Provided information Block Start

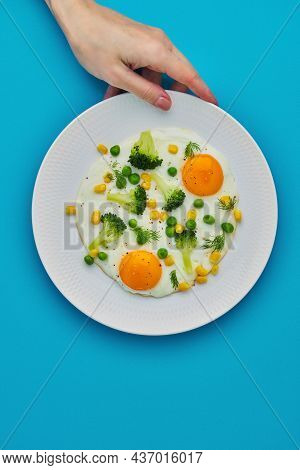 Unrecognisable Female Hand Touching Plate With Fried Eggs, Broccoli, Corn, Polka Dots On Blue Backgr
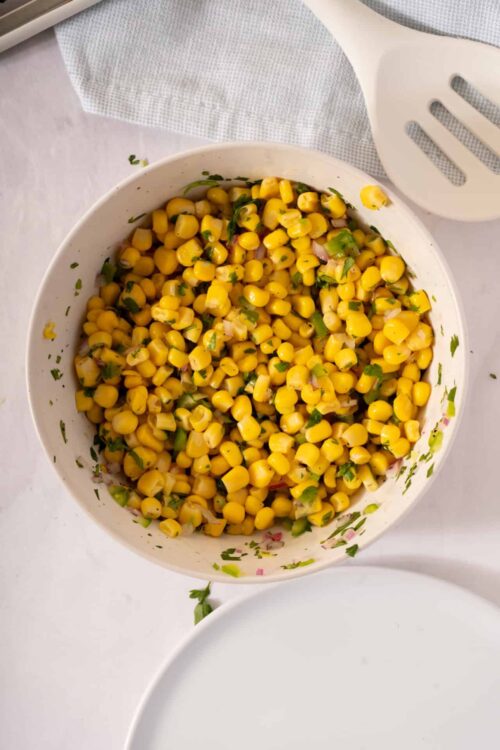 Bright yellow corn salad with chopped herbs and red onions.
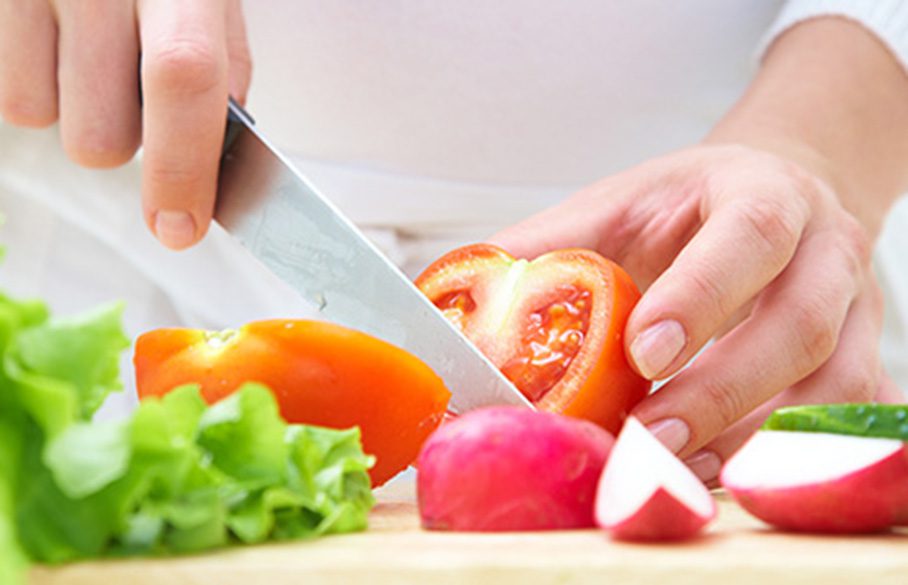 Person slicing vegetables with a knife in a kitchen.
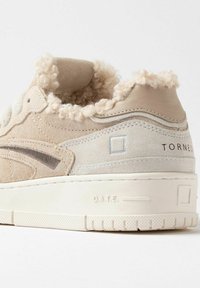 Sneaker beige con tomaia in camoscio, fodera morbida alla caviglia e suola in gomma bianca. Presenta cuciture sottili e dettagli del marchio.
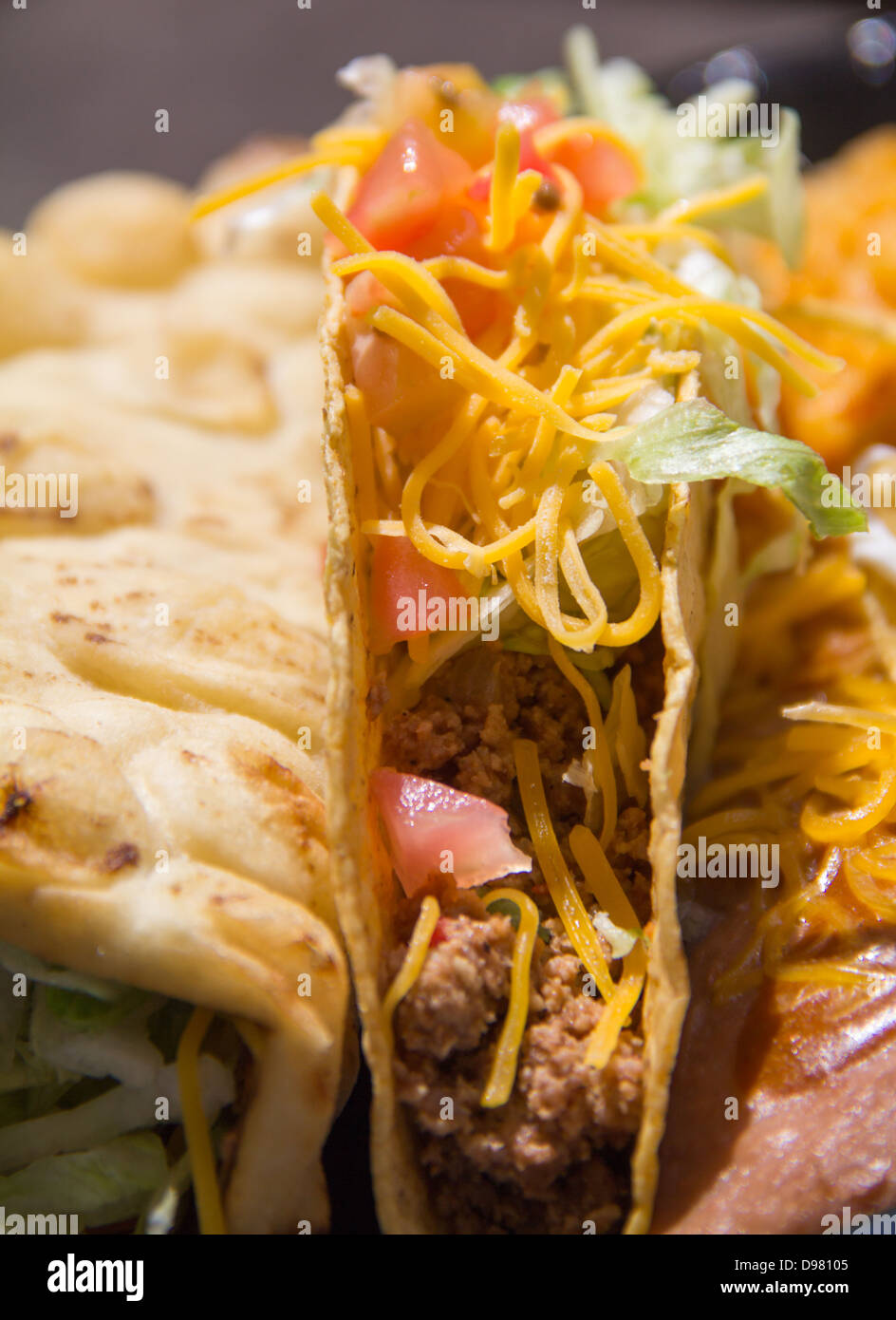 Fast-Food-Taco eingebettet zwischen einem Fladenbrot Taco und gebackenen Bohnen Stockfoto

Provided information Block End

Your goal: Find the line containing "Sneaker beige con" and copy it and each line after it through the end of the material, exactly, with no pictures.

Solution to the exercise:
 Sneaker beige con tomaia in camoscio, fodera morbida alla caviglia e suola in gomma bianca. Presenta cuciture sottili e dettagli del marchio.
 Fast-Food-Taco eingebettet zwischen einem Fladenbrot Taco und gebackenen Bohnen Stockfoto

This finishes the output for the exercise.